The Advent of the Podcast
When the word podcast finds its way into a conversation, most people still do a bit of a double take—pod-what? Mia Littlejohn tells you what podcasting is and how it is relevant to your world.
Podcasts are radio-style audio programs you can download from the Internet and listen to whenever and wherever you want. Podcasts are used to educate, inform, and entertain. The subjects can vary from discussions on a favorite hobby or area of professional expertise to a guided tour of a public space like Chicago’s Millennium Park to a wannabe DJ spinning his or her favorite tracks.
In addition to content created exclusively as a podcast, the technology can also be used as a means to redistribute content that exists in another setting in order to expand its availability and the scope of its audience. Thus, a podcast can be a traditional radio show made available online or a recording of an event, such as a keynote address from a graduation, a religious service, or a course lecture.
What makes podcasting attractive is its convenience and portability. Planning a summer holiday to Europe? Download a podcast with French phrases for tourists and listen to it on your flight overseas. Missed your favorite NPR show? Subscribe to the podcast; once you “subscribe” to a specific podcast, your computer keeps in touch with that podcast (through what’s called an RSS Feed) and automatically retrieves new episodes as they become available.
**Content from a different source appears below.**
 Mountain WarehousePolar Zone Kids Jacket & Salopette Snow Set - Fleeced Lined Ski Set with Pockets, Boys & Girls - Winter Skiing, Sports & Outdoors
Subscription is mediated by podcast-catchers (a.k.a. aggregators), such as the iTunes Music Store or Yahoo’s Podcast Directory. These aggregators organize the thousands of available podcasts into a number of searchable, subject-based categories and provide rating systems and feedback forums that simplify the task of finding the best podcasts.
Podcasting is still gathering momentum and finding its footing in the media world. The technology itself is only a year and a half old, and although podcast was named 2005’s Word of the Year by the New Oxford American Dictionary, most of the world has yet to hear about it, let alone embrace it.
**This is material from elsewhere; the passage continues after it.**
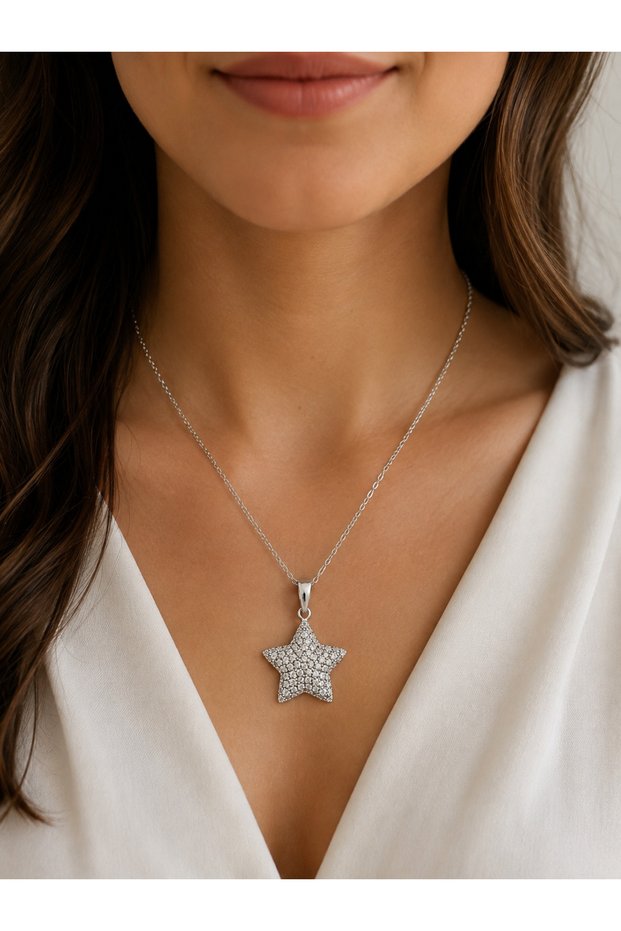 Trend Silver Large Size Zircon Stone Star Necklace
As a member of the publishing industry, you are a part of a community that has long filtered the content that finds its way into the hands of the public. As control shifts to empower individuals to consume media that fit their specific interests and needs, the function of those who used to control content creation and distribution must also evolve.
Mia Littlejohn is Director of Marketing, Development, and Press for Eat Feed, which won the first Podcast of the Year Award. She lives, writes, and cooks in Chicago.